Stephanie: An Inspiration and Living Treasure

Last month, on the first night of the Summer Writers Series at SOMOS (the literary nonprofit, Society of the Muse of the Southwest, here in Taos), Stephanie Sydoriak of Los Alamos, NM, stole the show. Dressed in a traditional Ukrainian, brightly embroidered costume and reading from her beautifully written memoir, An Ocean Between, she held the audience in her spell.

In her memoir, which was published in 2011, Stephanie, now 87, recounts in vivid detail her life as the child of Ukrainian immigrants who settled in Boston before the breakout of World War I, and the stories – sometimes bewildering, sometimes conflicting – her parents told her about their earlier lives.

“I didn’t realize until my later years,” she writes in An Ocean Between, “how lucky I had been to have parents who were such driven storytellers. I had each to myself, Mama at lunchtime [before she left for her two menial jobs] and Tato [her father] at supper [after he’d spent the day searching futilely for work during the Depression].” She continues:

“Both Mama and Tato told their stories to me in Ukrainian. Tato’s delivery was the more dramatic … His stories ranged from his birth in 1887 in the town of Kozova in Eastern Europe through his impoverished early life and on into his life as an immigrant in America. They inevitably ended in a lecture on Ukrainian history or American politics.

“Mama’s stories were told in a quieter tone. She spoke with yearning for the sweetness of the Old Country that contrasted so sharply with the bitterness of her life in America.
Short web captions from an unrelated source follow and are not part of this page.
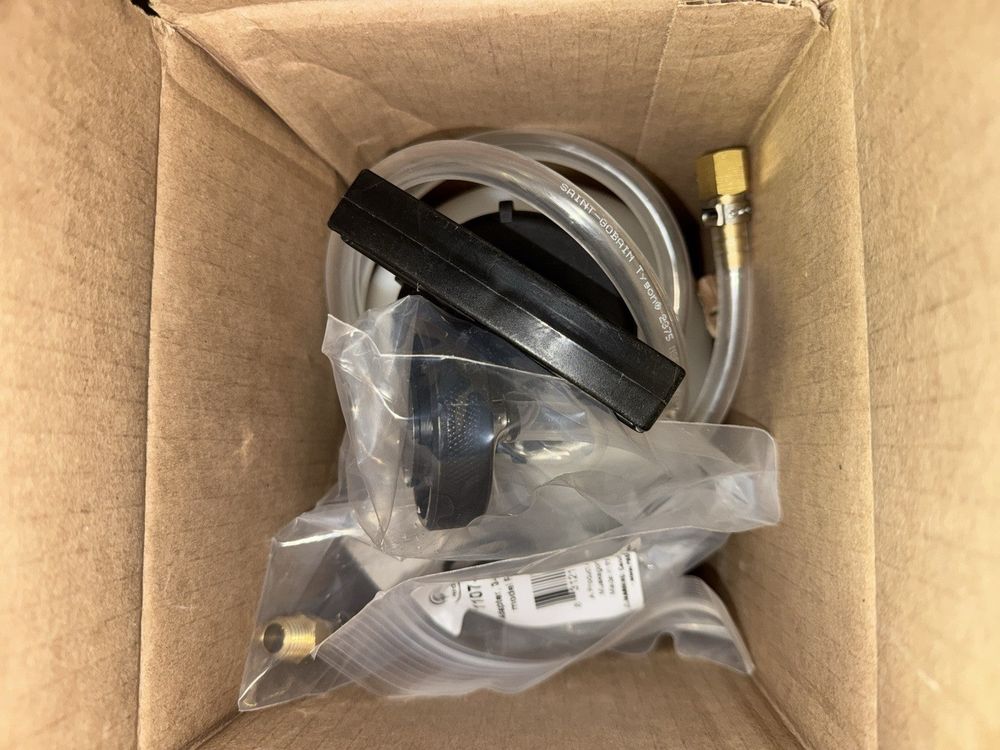 Motive Products Power Bleeder Brake Bleeder - Ford / Import Three Prong Style – a box with a black and white cable in it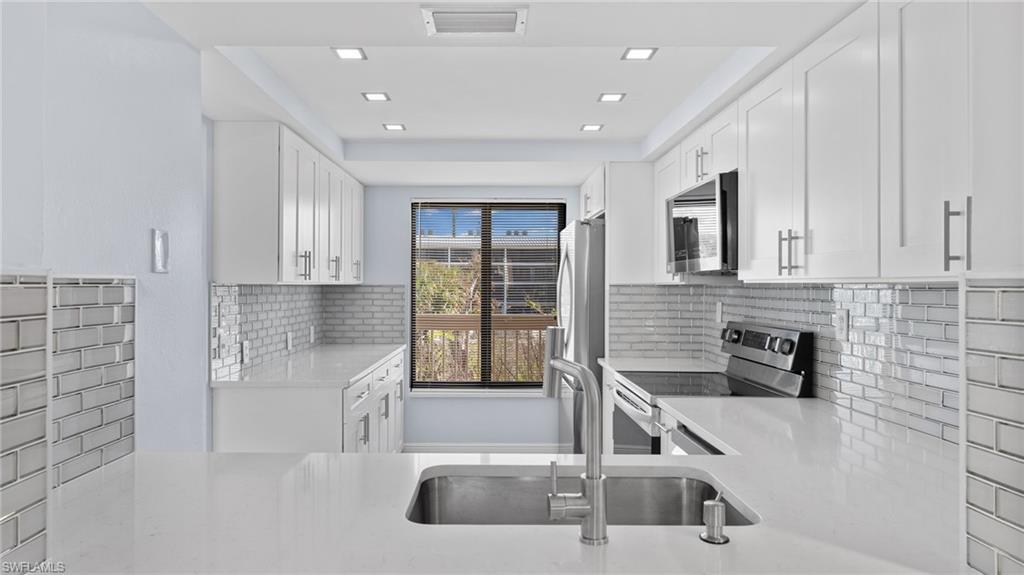 Kitchen with appliances with stainless steel finishes, white cabinets, light stone countertops, tasteful backsplash, and recessed lighting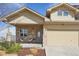 Charming home featuring stone accents, a covered porch, and a well-maintained front yard at 6760 Meade Cir # C, Westminster, CO 80030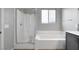 Bright bathroom featuring a combined shower and tub with a glass door, and a neutral color scheme at 9876 Heather Moore Ave, Las Vegas, NV 89166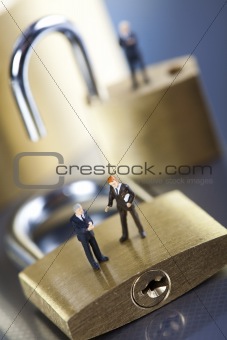 Business man on secure pedlock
She spoke rarely of history and politics, so I had no trouble understanding her simpler words, bright with the colors of blooming lilacs and the fragrance of baking bread.”

Each chapter of An Ocean Between alternates between the mother’s and the father’s stories, taken in — as if recorded verbatim — by their precocious American-born child as the little girl ate her simple meal of a baked potato and drank a cup of Ovaltine. Fortunately for the reader, that daughter, Stephanie, was blessed with an exceptional memory and their storytelling gifts as well.

Stephanie at SOMOS

Prior to her reading at SOMOS, I interviewed Stephanie to learn more about her life and her memoir. As a memoir writer myself, and a teacher of creative nonfiction writing, I was especially curious to know how she had managed to remember so many specific details.

“Oh, I heard their stories over and over and over,” she told me, smiling. “So I remembered all of it. I started writing them down, probably in high school, and I wrote tidbits toward the book ever since, whenever I could find some time. But life always intervened.”

Stephanie’s life has been full. Immediately after her marriage to Steve Sydoriak in 1945, Stephanie and her husband entered Yale Graduate School of Physics, then moved to Los Alamos, where they raised six children. She cared for her aging mother and her older sister until their deaths at 100 and 97, respectively; and she cared for her husband as he declined over a fifteen-year period from Alzheimer’s. He died in 2003.

An Ocean Between has been a lifetime in the making, and it stands as a shining inspiration to women, especially aspiring women writers, of all ages.

Stephanie's better book cover

In 2011, at the age of 84, Stephanie was named a Living Treasure in her hometown of Los Alamos for her lifelong contribution to the community. “This honor was quite overwhelming for me, actually,” she told me softly. “It was a wonderful feeling of recognition.”

And now, I wanted to know, what does it feel like to be nearing 88 years old and still so strong and vital?

“There’s something rather nice about being master of your own ship,” she said. “I’ve ticked off all the things on my bucket list; I’ve done all the things I’ve wanted to do. So there is an advantage of coming to this age. Not the aches and pains, of course, but all the rest. It’s what you make of it.”